Saved data entries:
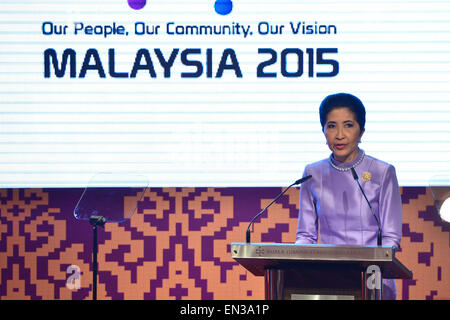 Kuala Lumpur, Malaysia. 27th Apr, 2015. Naraporn, wife of Thailand's Prime Minister Prayuth Chan-ocha, speaks at the 'Empowerment through Social Business' forum during the 26th ASEAN Summit in Kuala Lumpur, Malaysia, April 27, 2015. Credit:  Chong Voon Chung/Xinhua/Alamy Live News Stock Photo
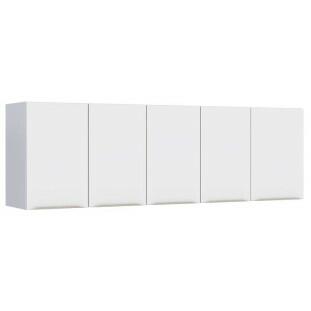 Armário Aéreo de Aço Para Pia 180cm 5 Portas Flora Cozimax Branco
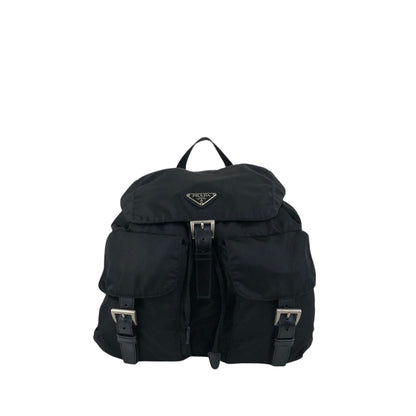 PRADA Tessuto Triangle Logo Front Buckle Double Pocket Backpack Black Vintage mkvbvj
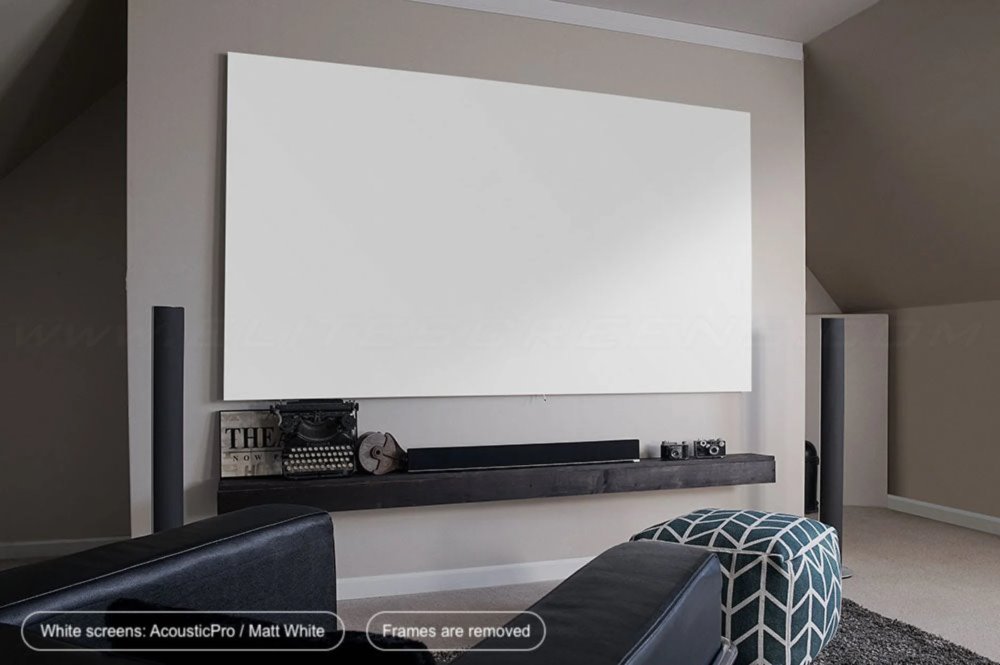 ELITE SCREENS plátno v pevném rámu 120" (304,8cm)/ 16:9/ 147,8×264cm/ gain 1.1/ CineWhite/ bezrámové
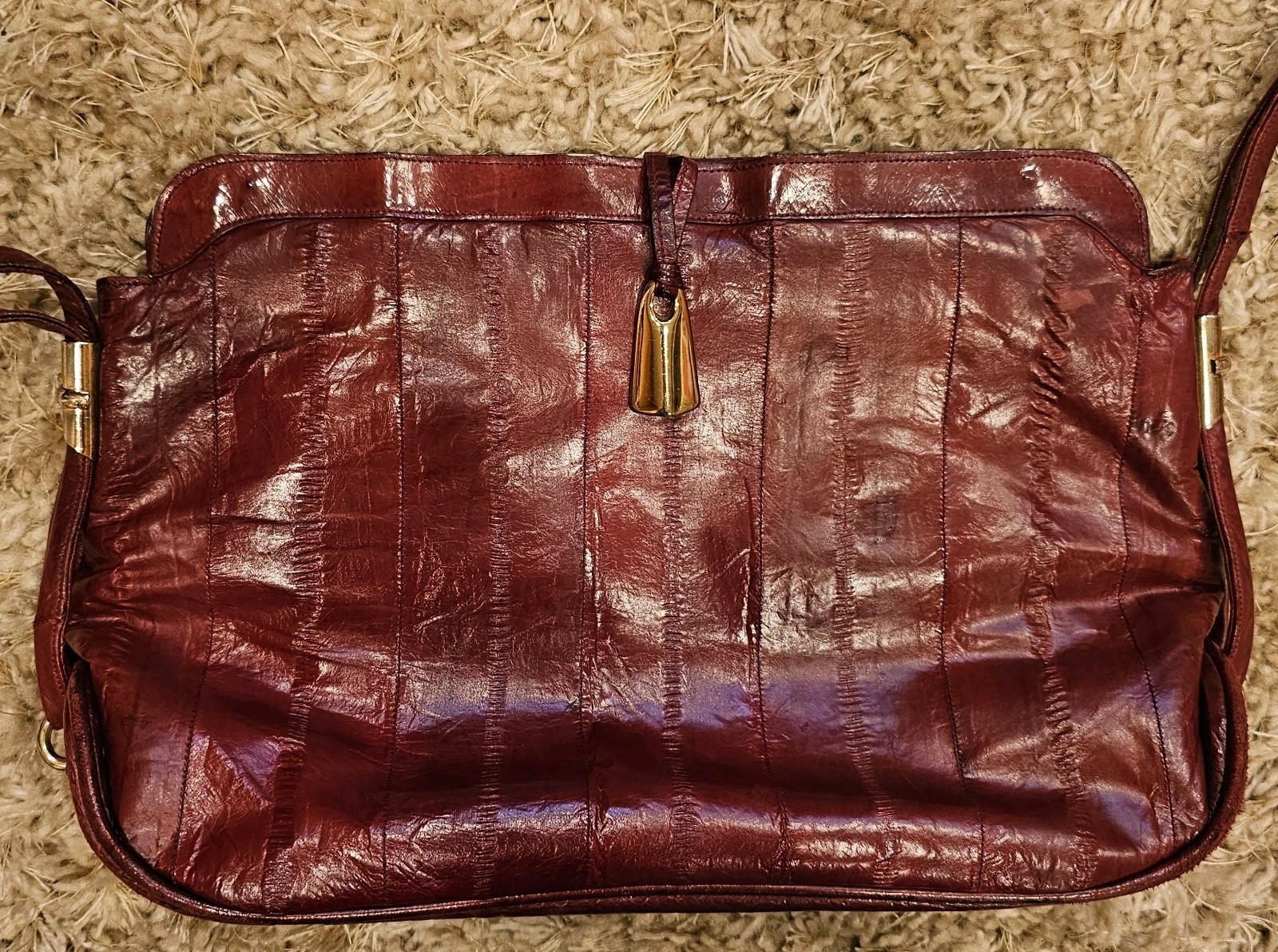 Vintage Genuine Eel Skin Leather Shoulder Bag Oxblood -Made In Korea B85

Prompt:
With pictures left out, transcribe each line from the one containing "PRADA Tessuto Triangle" through the end of the data, both ends included.

Solution to the exercise:
 PRADA Tessuto Triangle Logo Front Buckle Double Pocket Backpack Black Vintage mkvbvj
 ELITE SCREENS plátno v pevném rámu 120" (304,8cm)/ 16:9/ 147,8×264cm/ gain 1.1/ CineWhite/ bezrámové
 Vintage Genuine Eel Skin Leather Shoulder Bag Oxblood -Made In Korea B85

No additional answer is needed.